The research concentrates on the 150 kilometer-long, 30 kilometer-wide Totten Glacier. The glacier is one of the major outlets for the East Antarctic Ice Sheet, the largest mass of ice on Earth, which covers 98 percent of Antarctica.

"While traditional models haven't suggested this glacier can collapse, more recent models have," said Dr Alan Aitken, of the University of Western Australia, a co-author of the study, as cited by Nature Journal.

"We confirm that collapse has happened in the past, and is likely to happen again if we pass a tipping point, which would occur if we had between 3 and 6 degrees of warming above present."

"Totten Glacier is losing ice now, and the warm ocean water that is causing this loss has the potential to also push the glacier back to an unstable place," said the study’s senior author, professor Martin Siegert, of the Grantham Institute at Imperial College London.

The scientists concluded that the huge glacier is even more vulnerable than they thought. The study by scientists from Imperial College London and institutions in Australia, the US and New Zealand was published in Nature Journal.

They have discovered that the glacier “could cross a critical threshold within the next century, entering an irreversible period of very rapid retreat” in case the problem of climate change isn't resolved.

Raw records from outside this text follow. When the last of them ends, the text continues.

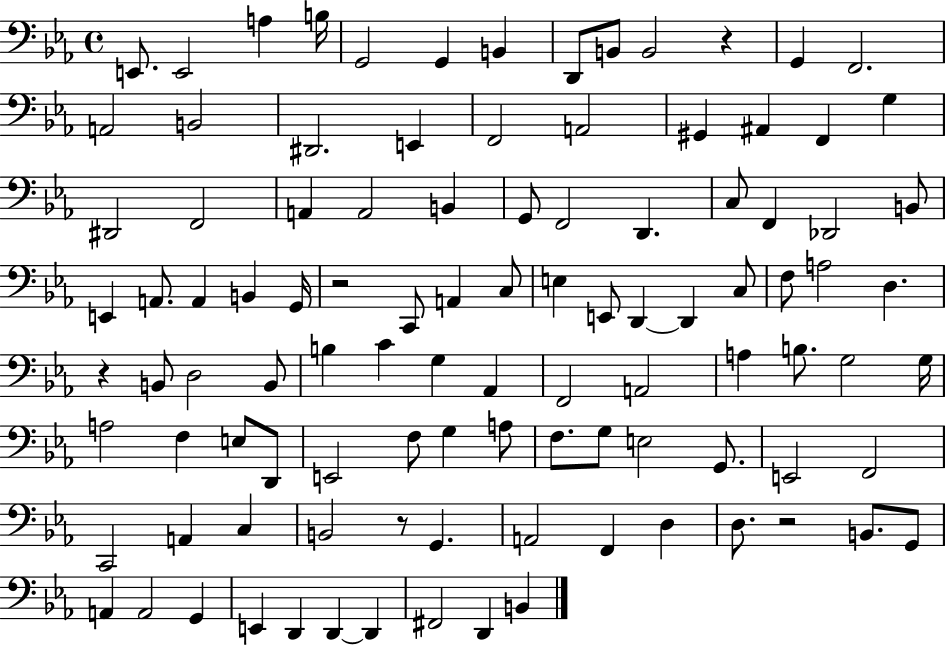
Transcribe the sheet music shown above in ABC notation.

X:1
T:Untitled
M:4/4
L:1/4
K:Eb
E,,/2 E,,2 A, B,/4 G,,2 G,, B,, D,,/2 B,,/2 B,,2 z G,, F,,2 A,,2 B,,2 ^D,,2 E,, F,,2 A,,2 ^G,, ^A,, F,, G, ^D,,2 F,,2 A,, A,,2 B,, G,,/2 F,,2 D,, C,/2 F,, _D,,2 B,,/2 E,, A,,/2 A,, B,, G,,/4 z2 C,,/2 A,, C,/2 E, E,,/2 D,, D,, C,/2 F,/2 A,2 D, z B,,/2 D,2 B,,/2 B, C G, _A,, F,,2 A,,2 A, B,/2 G,2 G,/4 A,2 F, E,/2 D,,/2 E,,2 F,/2 G, A,/2 F,/2 G,/2 E,2 G,,/2 E,,2 F,,2 C,,2 A,, C, B,,2 z/2 G,, A,,2 F,, D, D,/2 z2 B,,/2 G,,/2 A,, A,,2 G,, E,, D,, D,, D,, ^F,,2 D,, B,,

"Totten Glacier is a slumbering giant," said Andy Shepherd, Director of the NERC Centre for Polar Observation and Modelling at the University of Leeds in England.

According to the research, if the glacier "retreats another 100-150km, its front will be sitting on an unstable bed."

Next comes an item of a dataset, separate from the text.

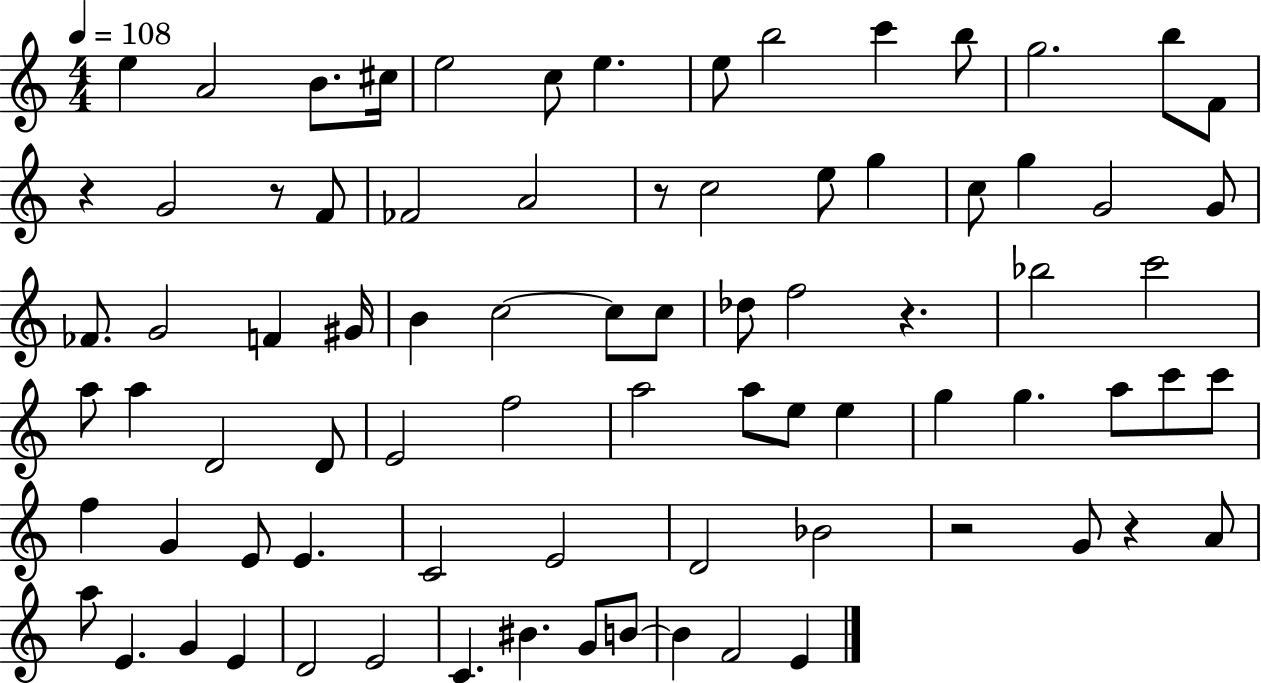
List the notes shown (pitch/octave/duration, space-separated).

E5/q A4/h B4/e. C#5/s E5/h C5/e E5/q. E5/e B5/h C6/q B5/e G5/h. B5/e F4/e R/q G4/h R/e F4/e FES4/h A4/h R/e C5/h E5/e G5/q C5/e G5/q G4/h G4/e FES4/e. G4/h F4/q G#4/s B4/q C5/h C5/e C5/e Db5/e F5/h R/q. Bb5/h C6/h A5/e A5/q D4/h D4/e E4/h F5/h A5/h A5/e E5/e E5/q G5/q G5/q. A5/e C6/e C6/e F5/q G4/q E4/e E4/q. C4/h E4/h D4/h Bb4/h R/h G4/e R/q A4/e A5/e E4/q. G4/q E4/q D4/h E4/h C4/q. BIS4/q. G4/e B4/e B4/q F4/h E4/q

The process would trigger a period of rapid retreat for the glacier and make it "withdraw up to 300 kilometers inland" in the following centuries and release "vast quantities of water, contributing up to 2.9 meters to global sea-level rise," the study says.

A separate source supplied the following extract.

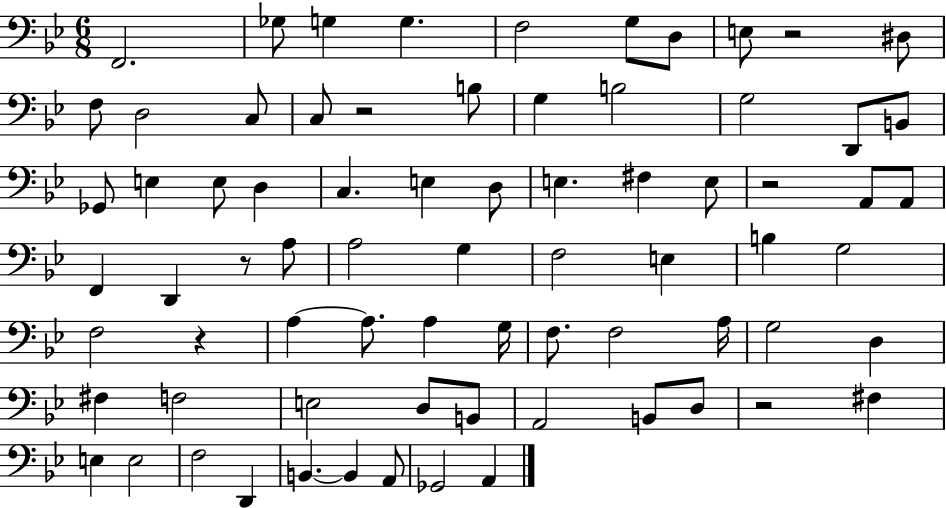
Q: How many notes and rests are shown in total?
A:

"Totten Glacier is only one outlet for the ice of the East Antarctic Ice Sheet, but it could have a huge impact. The East Antarctic Ice Sheet is by far the largest mass of ice on Earth, so any small changes have a big influence globally," Siegert said.

READ MORE: Melting of Antarctic ice sheet and 3-meter sea level rise inevitable - study

The scientist later told media that before the end of the 21 century "the great global cities of our planet near the sea will have two- or three-meter (6.5 - 10 feet) high sea defenses all around them."

One more important point revealed in the study is that the glacier also melted during an earlier period of natural global warming in the past.

"During the Pliocene epoch, temperatures were two degrees Celsius higher than they are right now, and CO2 levels in the atmosphere were 400 parts per million,” Siegert said.

The researchers believe that such a melting process could be about to happen again.

Totten Glacier has been an object of scientific research for a long time. In 2015 the researchers discovered warm water underneath a floating portion of the glacier that is accelerating the melting.